A recent letter to the editor of the Boston Globe from an officer at the Massachusetts Public Interest Research Group asks, “We’ve already paid to bail out banks and other big corporations — is it fair to ask us to pay their taxes as well?” Her question comes in response to a Globe article from May 1 that reports on a number of big companies that “paid no federal income taxes last year, despite making millions of dollars in profits.”
Since market anarchists regard taxation as no different from any other form of theft, one might assume that we toast Big Business’s tax avoidance. After all, in a free market everyone is entitled to what they make, right? And the answer to that question is yes — again, assuming we were in anything remotely close to a free market.
Unlike a free market, today’s economic system is a product of what Murray Rothbard called “oligarchic rule: rule by a coercive elite which has managed to gain control of the State machinery.” What those elites make is in no way something they’re entitled to, something obtained through simple, mutually satisfactory trade in a market where all are allowed to compete.
In the accepted political lexicon, free market phraseology has long been applied in the service of a state capitalist system defined by constraints and controls on economic activity, poisoning the well against the ideas of genuine freedom. Likewise, the language of egalitarianism and social justice has been dominated by advocates of a statist status quo who are hardly motivated by justice for the productive class.
What we’re left with is a distorted ideological framework wherein economic exploitation is associated with free markets, equitable conditions for the worker with state intervention in the economy. But the American Enterprise Institute doesn’t stand for true free markets, and the Center for American Progress doesn’t stand for true social justice.
The truth, though perhaps most will find it counterintuitive, is that unbridled economic freedom leads to economic justice. The two are not at all in conflict, as we’ve been assured by the fallacies of “both sides,” but are naturally and inseparably bound. It is monopolization, possibly only through the state’s coercive restraints on consensual economic behavior, that allows a few to amass enormous hoards of wealth, that allows them to extract rents from the toils of industrious society.
Although we all implicitly understand the effects of monopoly, we have been instructed to believe that they arise naturally from the uncontrolled bedlam of “cutthroat competition.” Monopoly, though, is a creature of the state, requiring coercion to cordon off resources and limit our options for survival.
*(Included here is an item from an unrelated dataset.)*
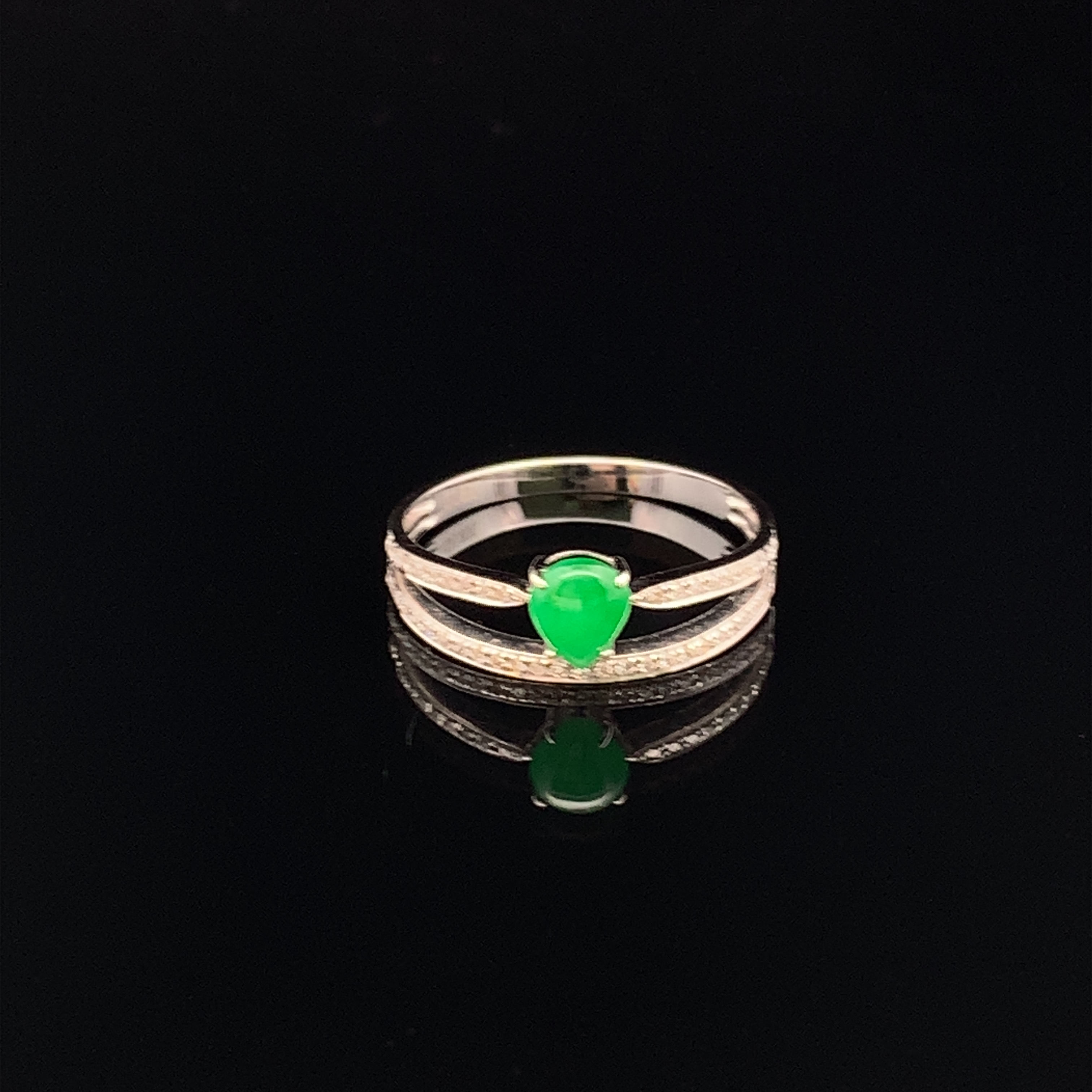18K White Gold Green Jade Ring (PJA00421)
Where open competition generates choice for workers and drives prices down for consumers, the state’s obstruction of potential competitors allows a favored few to skim off the top. Without the external pressure that would accompany total economic freedom, elites are allowed to pocket the difference between the price as it would be and the price reflecting a state-created condition of undersupply.
Whatever the amount of that difference, it is owed to the state’s violent intrusion into the economy for the benefit of the ruling elite; it is decidedly not owed to Big Business “giving the consumer what she wants,” or coming out on top in anything like real competition. Next time you’re looking for something to blame for “corporate greed” as it exists within state capitalism, look no further than heap of “consumer protection” and “safety” rules that suppress real free market alternatives.
Regardless of what you need — be it food, a job, anything — if you have to genuflect before the plutocrat’s system to get it, you’re going to be paying more than you would if free people were allowed to use their labor and resources in any peaceful way. Within this nefarious context, corporate tax breaks are repugnant enough, but let’s also spotlight all of those structures of privilege that advantage Big Business every day.
From direct subsidies and intellectual property to government contracts and regulatory cartelization, privilege is literally all around us, forcing us into an arrangement created by the ruling class. Counter to prevailing myth, a free market it is not. As Robert McIntyre of Citizens for Tax Justice rightly observes in the Globe article, “Our swashbuckling capitalists couldn’t live without the government subsidizing them.”